When you write out the records, keep every word exact and drop the pictures.

==== Material for this task

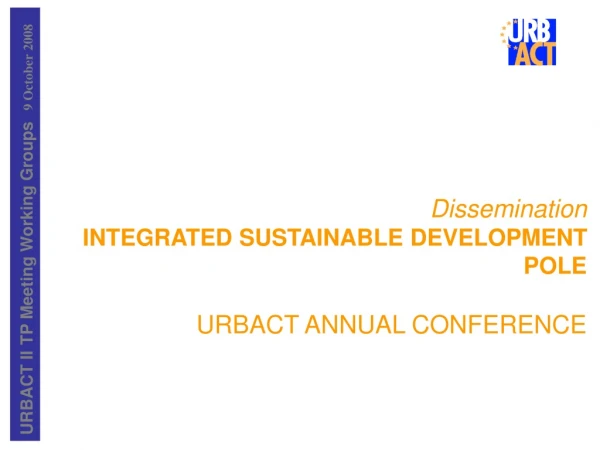 Dissemination INTEGRATED SUSTAINABLE DEVELOPMENT POLE URBACT ANNUAL CONFERENCE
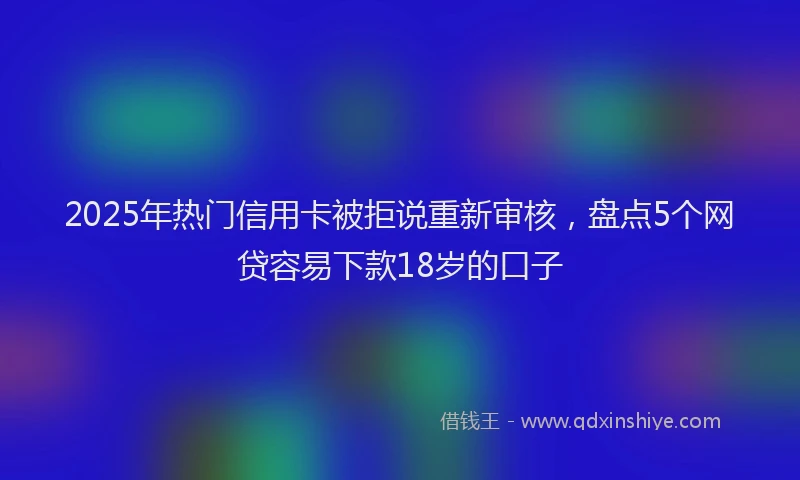 2025年热门信用卡被拒说重新审核，盘点5个网贷容易下款18岁的口子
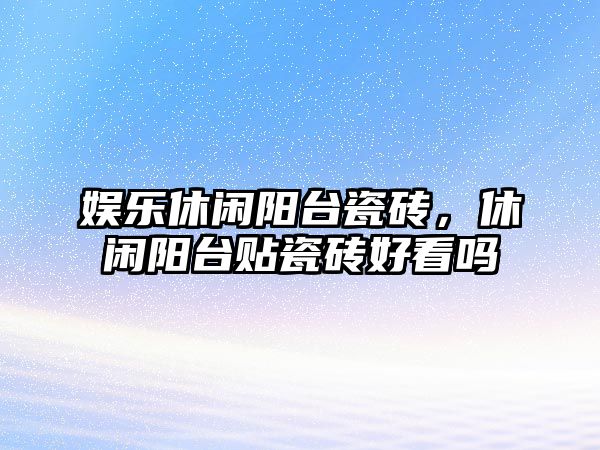 娛樂(lè )休閑陽(yáng)臺瓷磚，休閑陽(yáng)臺貼瓷磚好看嗎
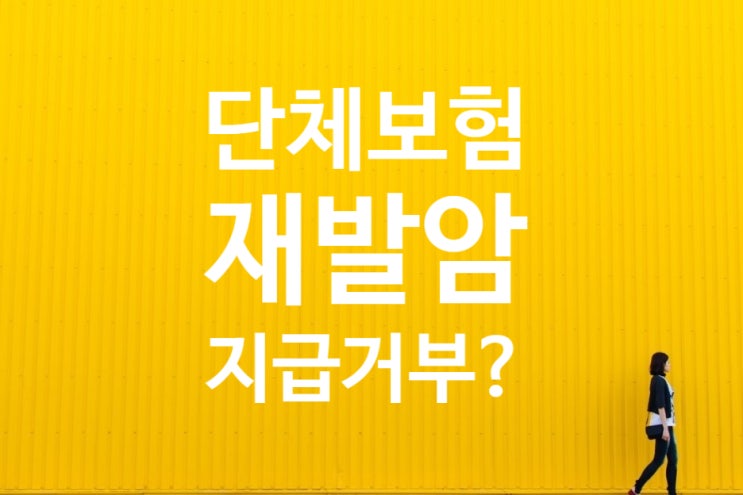  단체보험 암진단비 보험기간 중 진단확정 재발암은 보상불가?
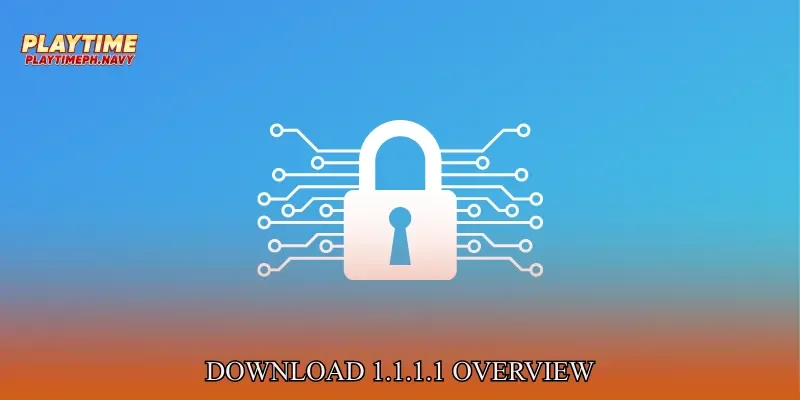 Download 1.1.1.1 Overview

========

◆ **Result of this exercise**:
 Dissemination INTEGRATED SUSTAINABLE DEVELOPMENT POLE URBACT ANNUAL CONFERENCE
 2025年热门信用卡被拒说重新审核，盘点5个网贷容易下款18岁的口子
 娛樂(lè )休閑陽(yáng)臺瓷磚，休閑陽(yáng)臺貼瓷磚好看嗎
  단체보험 암진단비 보험기간 중 진단확정 재발암은 보상불가?
 Download 1.1.1.1 Overview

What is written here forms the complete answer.